Bu sorunlara gerçekten küresel bir çözüm bulmak artık hayati önem taşıyor. Geçmişteki borç krizlerinde, zengin ülkeler IMF ve Dünya Bankası’nı uyum yükünü gelişmekte olan ekonomilere itmek için kullandılar ve yardım almadan önce reformlar yapmaları gerektiğini savundular. Ancak bugün borçlu düşük gelirli ekonomileri rahatsız eden en önemli güçler küresel ve kontrolleri ötesinde. IMF ve Dünya Bankası üye ülkelerin kaynaklarını bir araya getirmeli ve işbirliği yapmalı.
İyi haber şu ki, bu kurumlardaki güçlü hissedarlar kolektif eylem yeteneğine sahip olduklarını kanıtladılar. Örneğin, geçtiğimiz ağustos ayında, 650 milyar dolarlık yeni bir özel çekme hakkı tahsisini kabul ettiler (SDR’ler, IMF’nin rezerv varlığı).
Ancak, SDR’ler ülkelerin IMF kotalarına göre dağıtıldığından, tahsisin çoğu en büyük ekonomilere gitti. Daha da kötüsü, büyük IMF ve Dünya Bankası hissedarları kaynakları en çok ihtiyaç duyulan yerlere yönlendirmeyi başaramadılar. Bunun yerine, herhangi bir kayba maruz kalma olasılıklarını sınırlamak için, hızlı dağıtımı önleyen koşullarda ısrar etmeye devam ediyorlar. Bu yaklaşım aynı zamanda IMF’nin yeni Dayanıklılık ve Sürdürülebilirlik Vakfı’nı ve Dünya Bankası Grubu’nun acil durum finansmanını engellemekle tehdit ediyor.
Şimdi çok daha cesur bir kolektif yaklaşım gereklidir. Amerika Birleşik Devletleri, Çin, Japonya, Avrupa Birliği ve Birleşik Krallık, küresel güvenlik ve refaha bağlı. Kıtlığı, çatışmayı ve dünyayı durgunluğa sürükleyecek gelişmekte olan ülke borç krizini önlemek için birlikte çalışmalılar. Küresel buğday ve diğer tahıl pazarlarını sakinleştirmek ve ihracatın akmasını sağlamak için önlemler almak için birlikte hareket ederek kıtlığı önleyebilirler. Acil IMF ve Dünya Bankası yardımını şartlı olarak engellemeyerek çatışma riskini azaltabilirler. Ve hepsinin katıldığı bir borç yeniden yapılandırma mekanizması yaratarak DSSI’yı geliştirebilirler.
Günümüzün gelişmekte olan ülke krizini yönetmek için iki temel unsur çok önemli.
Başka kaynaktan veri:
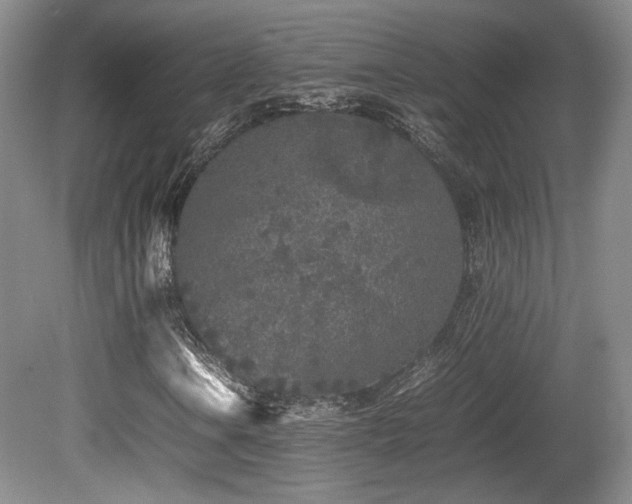 X0000080781106200612151421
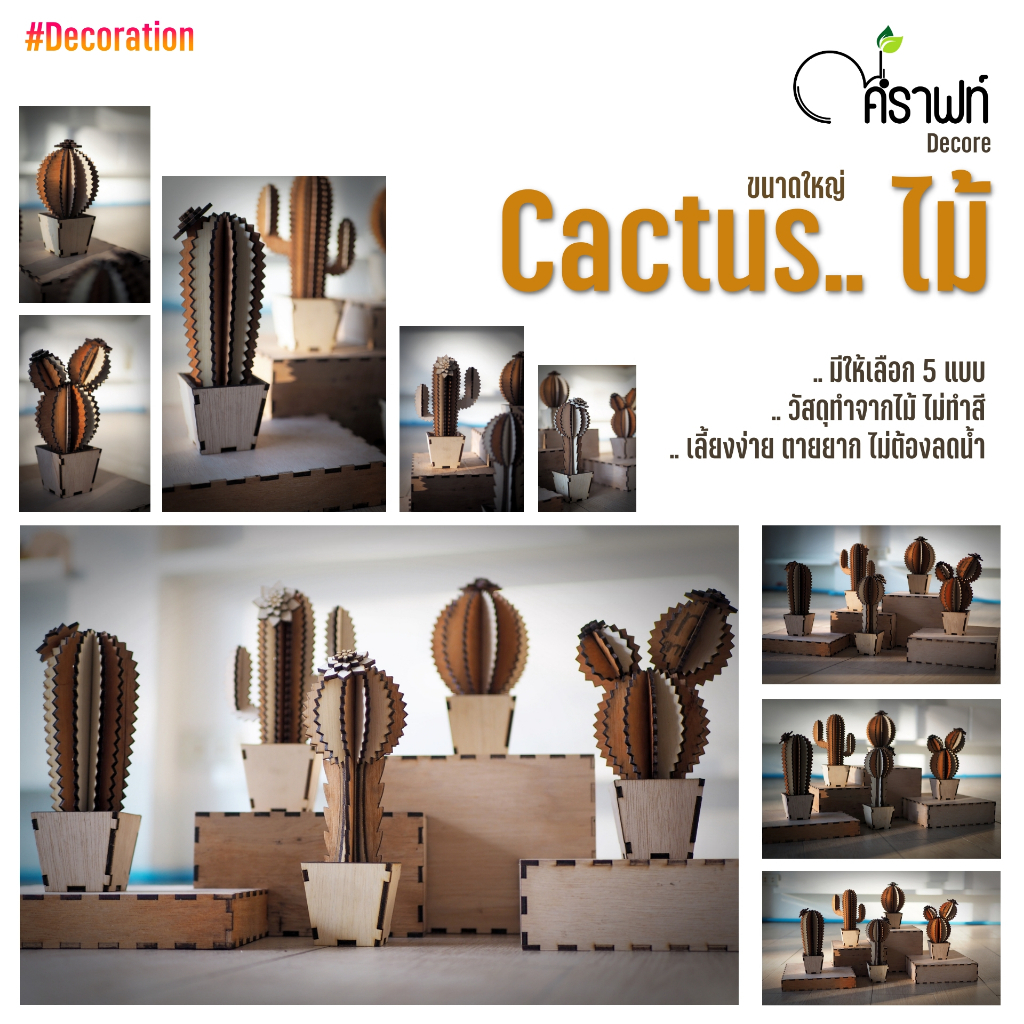 Na.Crafts : Decore Cactus ไม้..เลี้ยงง่าย ตายยาก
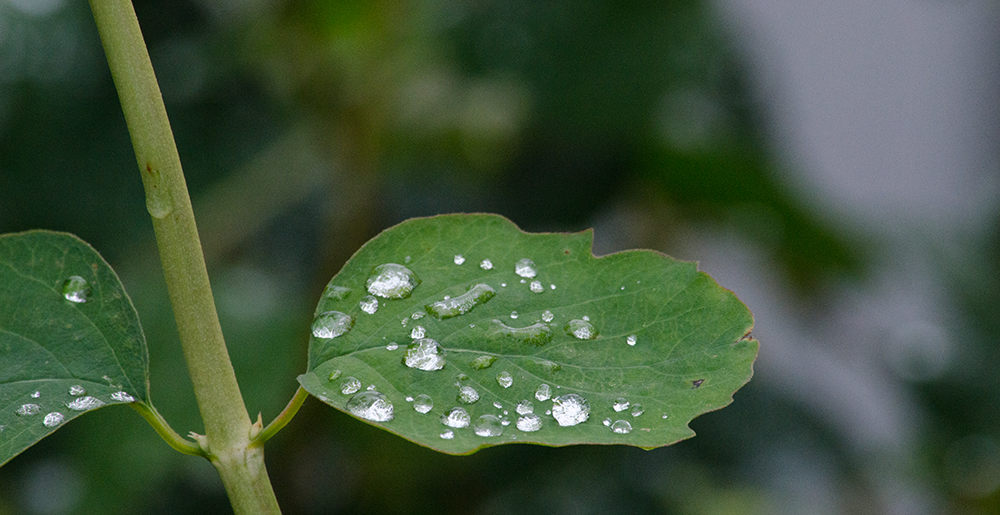 DSC_0770.jpg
Güçlü ülkeler, gelişmekte olan ekonomilere zarar veren dilenci-komşu ticaret, mali ve para politikalarından kaçınmalı. Ve IMF ve Dünya Bankası’ndaki birleşik kaynaklarını, felaketi önlemek için hızlı ve koşulsuz hareket etmek için kullanmalılar.
Daha yoksul ülkelerin karşı karşıya olduğu zorluklar eşi benzeri görülmemiş seviyede. Ve bu, daha zengin ekonomilerden gelen işbirlikçi tepkinin de olması gerektiği anlamına geliyor.